Analysts are projecting a non-GAAP EPS CAGR of roughly 16% for 2025–2028, materially lower than the 22% CAGR achieved between 2021 and 2024. In other words, the market is already pricing in a meaningful slowdown.
If analysts are correct and 2028 non-GAAP EPS reaches $2.77, applying today’s depressed NTM P/E of approximately 19.4 would imply a stock price of roughly $54 by the end of 2027.
From today’s price of $38.12, that would represent a return of approximately 42%.
If, however, TTD is able to achieve an EPS CAGR closer to 20% over the next three years—still below its historical growth rate, but above current consensus—EPS would reach roughly $3.08 by 2028, assuming a 2025 EPS base of $1.78.
Applying a NTM P/E multiple of 37, which is one standard deviation below the company’s three-year average P/E of 51.2, would imply an end-of-2027 stock price of approximately $113.
That would represent a potential return of roughly 197% from current levels.
TTD three year NTM PE
That scenario does not require a return to peak growth or peak valuation—only a partial normalization.
With pessimistic growth assumptions and a compressed valuation, downside appears limited, while upside remains substantial if growth only modestly re-accelerates.
Risks
The two main risks to the thesis are probably the following:
• Prolonged macro weakness in advertising spend
If we assume the decline in growth rates is temporary rather than structural, continued macro weakness could still pressure TTD’s future growth.
TTD’s revenues have historically been sensitive to macro shocks.
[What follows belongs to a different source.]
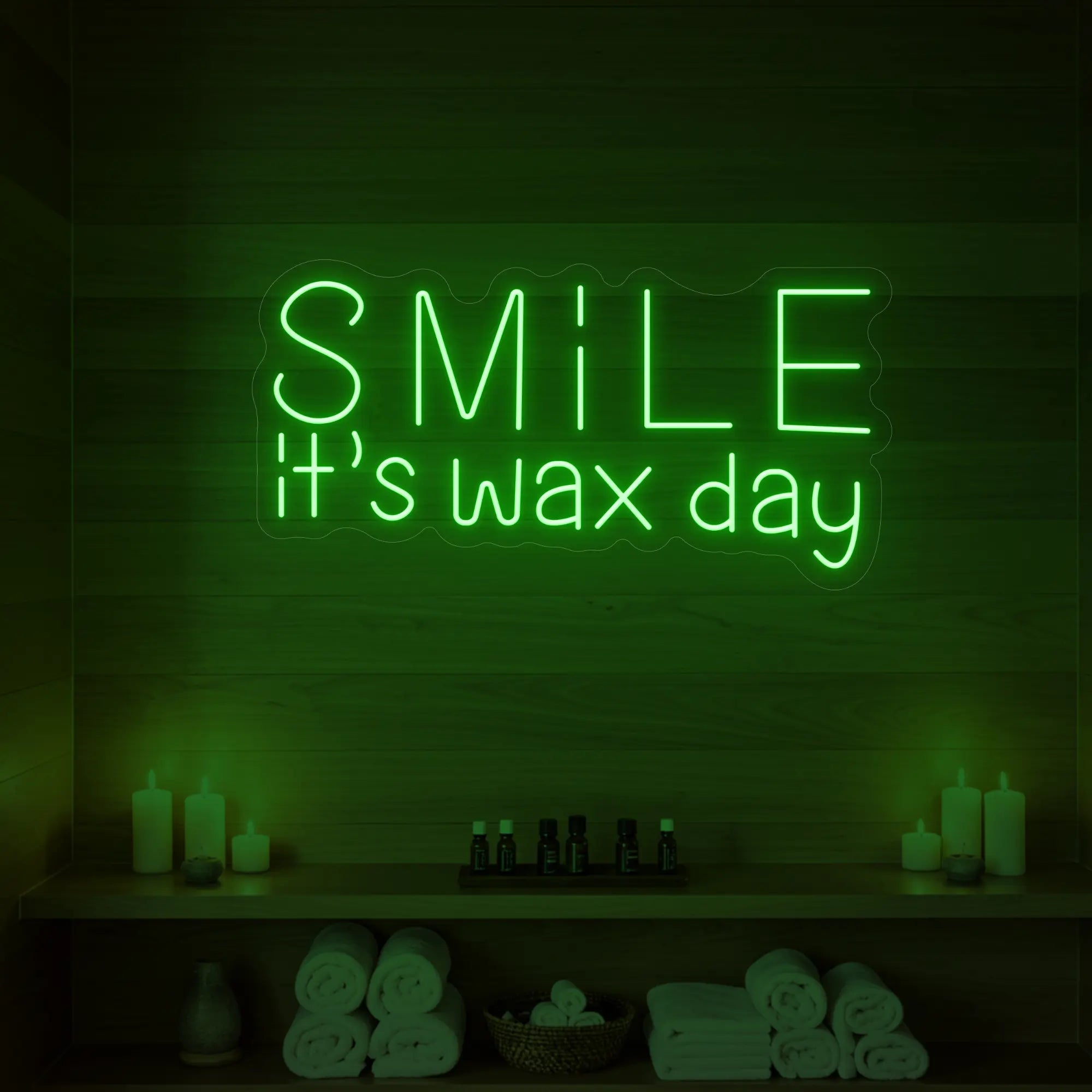 Photo of the 'Smile It’s Wax Day' neon sign glowing in green against a styled interior wall.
For example, in Q2 2020, quarterly growth turned negative at roughly -13% due to the pandemic.
• Walled gardens increasingly connecting advertisers with third-party inventory
This would occur if Amazon or Google increasingly expanded access to ad inventory beyond their own ecosystems.
In that scenario, TTD’s moat—its breadth and reach across the open internet—could weaken over time.
Still, despite these risks, I believe the current risk–reward setup looks fairly attractive. I therefore rate the stock as a Strong Buy.
Disclosure: I am long The Trade Desk at the time of writing.
This article reflects my own analysis and how I think about long-term business fundamentals and risk–reward. It is not a recommendation to buy or sell securities.